TW zupftom at googlemail.com
Wed Jul 13 15:29:55 CEST 2011


Hi all,

it's me getting on your nerves again.  Working on a MEI-consuming
application, I encountered some difficulty especially with tupletspans
that I'd like to report.  Reading the specs I understand that the
starting point can be defined using @startid, @tstamp, @tstamp.ges and
@tstamp.real.  @startid is pretty clear, @tstamp is also fairly clear,
but requires more processing effort to find the first element.  For
@tstamp.ges it's probably similar to @tstamp.  To find the last
element, there needs to be an @endid, @dur or @dur.ges.  Again, @endid
is pretty clear, but @dur and @dur.ges are only reliable if both @num
and @numbase are set on the tupletspan, and the layer elements that
the tupletspan belongs to must be somehow identifiable.  I guess this
can be done by giving the layers the same @n attribute, pointing to
the next layer or note/rest/chord using @next on the previous layer or
it's last note/rest/chord.  Or if there is only one layer.  If @num
and @numbase weren't set, there is no way of telling at what
note/rest/chord the tupletspan is "full", because the durations are
given as if they weren't part of a tuplet and there is no
"time-modification" element or attribute on notes like in MusicXML.
@num and @numbase take the role of MusicXML's time-modification
element, but they are optional and can't be relied on.  I couldn't
find @tuplet attributes being mentioned in the tuplet and tupletspan
documentation, so I'm not sure what role they are meant to play.  They
can of course help to identify what elements belong to a tupletspan,
but if that's their purpose, I'm wondering why they aren't of type
IDREF, or IDREFS for the sake of nested tuplets.

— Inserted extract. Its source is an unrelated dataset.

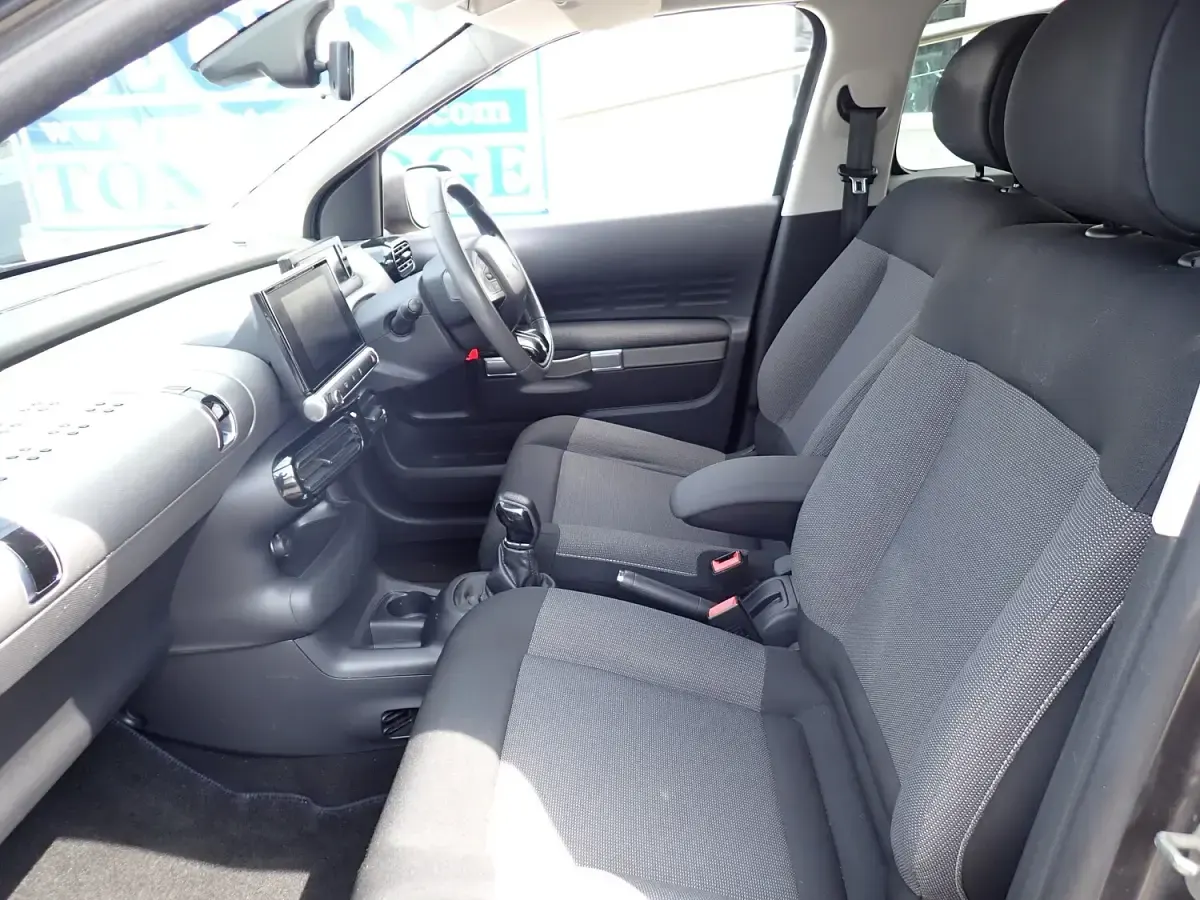 Used Citroën C4 Cactus Flair 82 HP (60 kW) 2017 Grey Hatchback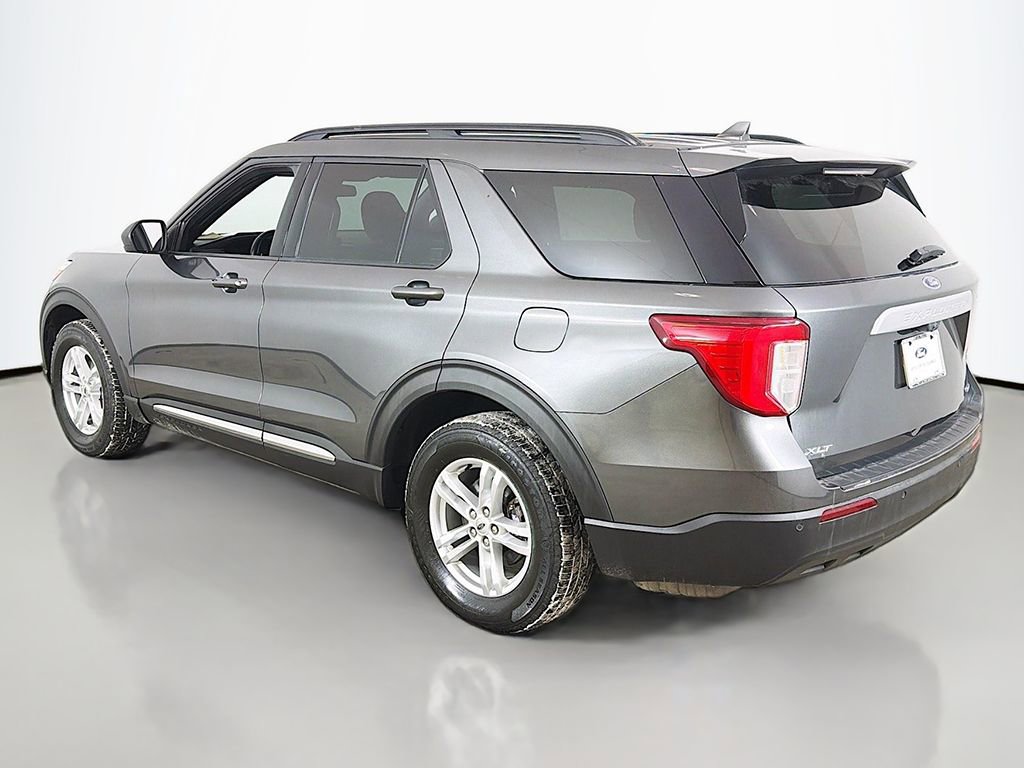 Used 2020 Ford Explorer XLT image 7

On the other hand, if @endid is given, but no @num *and* @numbase,
then the actual duration of the notes/chords/rests can't be determined
with certainty.  If @endid and @dur are set however, this is possible.

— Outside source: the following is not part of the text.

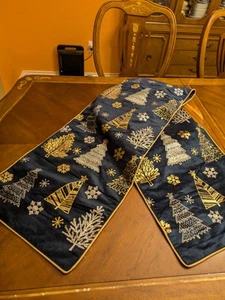 Haus & Garten Tischläufer Herzstück 14"x70" blau gold verziert - Bild 1 von 8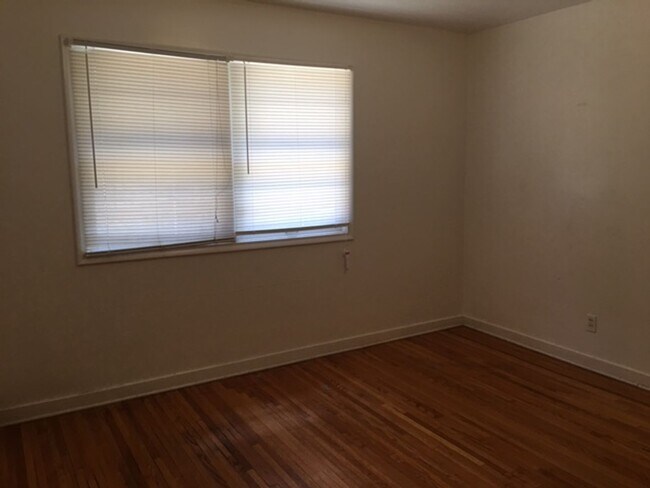 Building Photo - 1300 E Duplex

Is it possible that stricter rules could be established to make sure
that a MEI consuming application will be able to make sense of what an
encoding application or a human have produced?  In the case of
tupletspans, even if all prerequisites are met, I find them
unnecessarily hard to process as there is a large number of sensible
combinations - and I'm not even sure whether I identified all of them.
 There is also a big chance of unintentionally encoding things
sloppily so that the data is fuzzy while it really needn't be.

Still being a "rookie" who doesn't have a sound overview concerning
MEI and all its fields of application, I might be approaching this a
bit too naive.  But what speaks against enforcing IDREF(S) @tuplet on
elements that are part of a tupletspan and make all the other
start/end attributes optional?  It would be easy as pie to identify
all elements that belong to the tupletspan.  The compression (in
seldom cases maybe expansion) ration would then be clear from either
@num and @basenum or @dur and the sum of "visual" durations of
elements associated with the tupletspans.  If the music is unclear,
then the encoding will of course be unclear, but if it's clear, I'd
expect the encoding to be clear as well.